Thus emodepside appears to selectively activate the SLO-1 K+ current that is present in nematodes but has less effect on the SLO-1 K+ currents of vertebrates. This can explain the selective toxicity of the drug. The existence and mechanisms of resistance to emodepside in nematode parasites remain to be studied but could involve several different mechanisms including changes in the splice forms of the SLO-1 K+ channel or its regulation by different signaling cascades. However, such resistance, depending on the specific mechanism, might be countered (Verma et al., 2007, 2009) by a selective agonist for the FMRFamide PF1 receptor and/or a selective antagonist of the FMRFamide AF1 receptor which would activate a SLO-1 K+-like current and increase the efficacy of emodepside. An increased knowledge of the physiology of target site of emodepside provides a new way of designing drug combinations.

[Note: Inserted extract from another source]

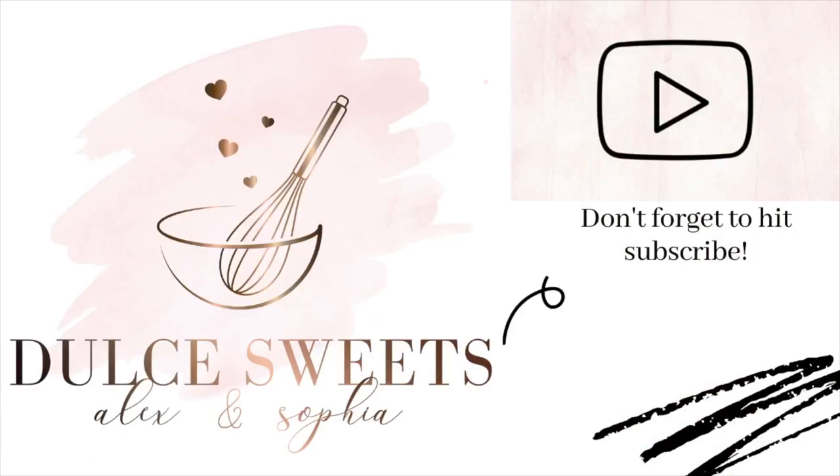We hope that you enjoyed our video and that you will enjoy your red velvet cupcakes as much as we did making them. Thank you for watching and have a great day. Bye! Adios!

The complex nature of SLO-1 K+ regulation suggests that if there were resistance to emodepside it would be complex in nature and therefore likely to be polygenic involving multiple mechanisms.

3. Diethylcarbamazine

Diethylcarbamazine, Fig 5A, is an antifilarial drug that has been used since 1947 against lymphatic filariasis and loiasis. It is still an important and effective antifilarial drug but its mode of action is not fully described. Diethylcarbamazine has been suggested to have an indirect, host mediated mode of action: it appears to alter host arachidonic acid, nitric oxide metabolic pathways and inhibits NF-κB, which together in an unknown way leads to immobilization and sequestration of the microfilariae (Maizels and Denham, 1992; Peixoto and Silva, 2014). Diethylcarbamazine activity against B. malayi microfilariae is abolished in inducible nitric oxide synthase knockout mice (iNOS−/−), suggesting that diethylcarbamazine activity is dependent on host inducible nitric oxide synthase (iNOS) and nitric oxide (McGarry et al., 2005).

Fig 5.

Fig 5

Open in a new tab

The combined effect of emodepside and diethylcarbamazine is greater than the effect of emodepside alone on A. suum membrane potential. A: Chemical structure of diethylcarbamazine. B: Representative current-clamp traces showing the membrane potential before, during 1 µM emodepside application (top trace) and during application of 1 µM emodepside plus 100 µM diethylcarbamazine (lower trace). The time delay between the end of the application of 100 µM diethylcarbamazine and 1 µM emodepside plus 100 µM diethylcarbamazine was 10 minutes. The change in membrane potential between the beginning of the 100 µM diethylcarbamazine and application of 1 µM emodepside plus 100 µM diethylcarbamazine was a hyperpolarization of 1.5 mV. C: Bar chart (mean ± i.e.) of diethylcarbamazine effect on emodepside-induced hyperpolarization. 100 µM diethylcarbamazine increased the hyperpolarization caused by 1 µM emodepside (p < 0.01, n = 5, unpaired t-test (Buxton et al., 2014a).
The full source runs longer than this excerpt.